The reason? When grocery prices rise faster than the cost of food elsewhere, restaurants typically benefit as their relative value improves modestly, according to Bernstein Research.
"When agricultural inflation is going up, it means costs in general are going to rise faster for the food-at-home sector than restaurants," said Alexia Howard, an analyst at Bernstein. "And that's going to disproportionately push input costs for food-at-home products higher and traffic up for the restaurant sector." Input costs are expenses for material and labor related to production of goods.
One of the most important drivers of choosing whether to cook at home or to dine out is this relative price of food at home vs. food away from home.
For the year ended in May, prices of food away from home ticked up 2.2 percent while the grocery price metric of food at home rose 2.7 percent, according to the Consumer Price Index.
This is a reversal of prior trends for this metric. Grocery inflation had been lower for most of 2012 and all of 2013 before flipping in May.
Bernstein expects the trend to accelerate. The firm's analysts forecast food-at-home inflation will rise to about 3.5 percent through the back half of the year while food-away-from-home inflation ticks up to around 2.5 percent.
Since higher grocery prices lead to lower discretionary spending, Bernstein expects food-at-home inflation to be "more unambiguously positive for restaurants with more affluent customers like fast casuals" and specialty coffee chains, such as Chipotle, Panera Bread and Starbucks. Chains that specialize in high-inflationary products, like steak, are also set to benefit.

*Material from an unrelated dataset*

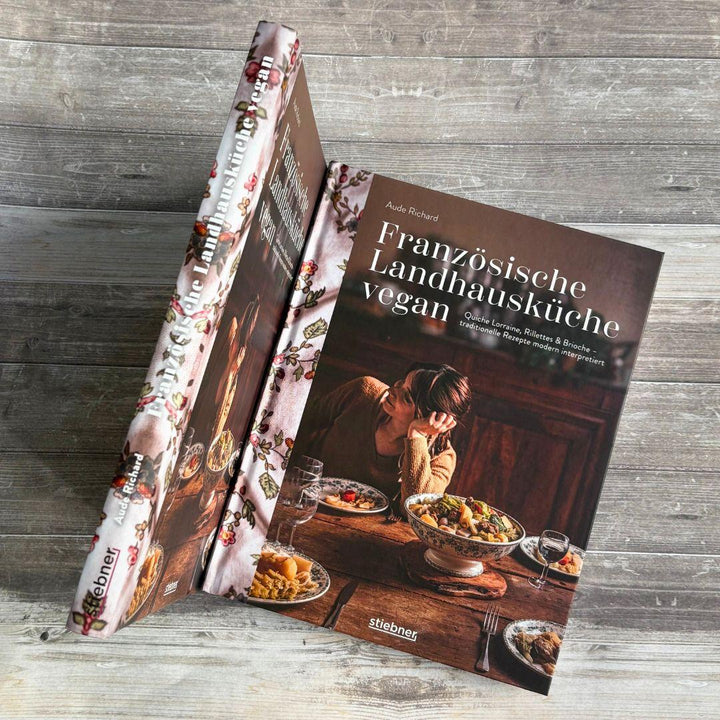 Französische Landhausküche vegan | Richard, Aude
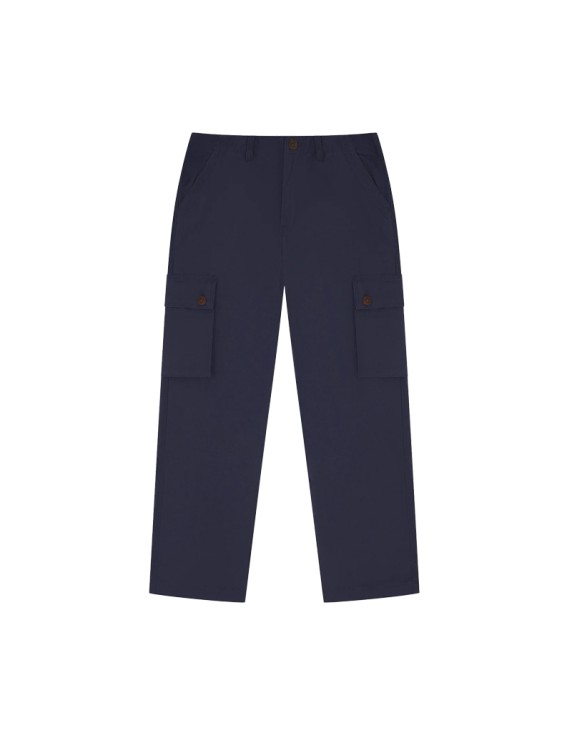 USKEES 5014 cargo pants - midnight blue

Complicating the situation, though, are input costs that aren't rising uniformly and the fierce competition among processed food makers that could result in additional promotions. Because of this, the impact for restaurants is "not as clear cut this time around," said another Bernstein analyst Sara Senatore.
RBC Capital Markets analyst David Palmer expects a modest acceleration in food-at-home inflation, which he views as a "modest positive for the fast food industry and a slight negative for casual dining," which has bigger input costs and less pricing power due to higher check averages.
"If it turns out to be a real turn in food inflation that's sustainable, it's something that would be a real positive for the fast food industry because there's a roughly 75 percent correlation of fast food industry same-store sales to at-home food inflation," Palmer said.
But isn't a restaurant meal price still much more expensive than a home-cooked one?
Often, but price isn't the only factor customers consider. Senatore stressed that while the prices are still not comparable, "the point is in periods of inflation you see that gap narrow a bit."
"Accounting for the cost of the time spent preparing a meal at home narrows the gap substantially and helps explains why seemingly modest changes in pricing can change how the 'share of stomach' is allocated," wrote Bernstein analysts.
Not everyone buys the argument.
Steve West, a restaurant analyst at ITG Investment Research, said he doesn't think the divergence will result in "much change."
"There would be a lag for months and months before the consumer would realize that the restaurant bill wasn't as much relative to the grocery bill," West said.
What shoppers do notice, West said, is that their grocery bill is much higher.
"That just takes more and more out of their wallet that they could defer to restaurants spending," he added. "I don't buy into this theory that consumers notice the gap. Consumers don't notice the gap. They're paying attention to how much money is in their wallet."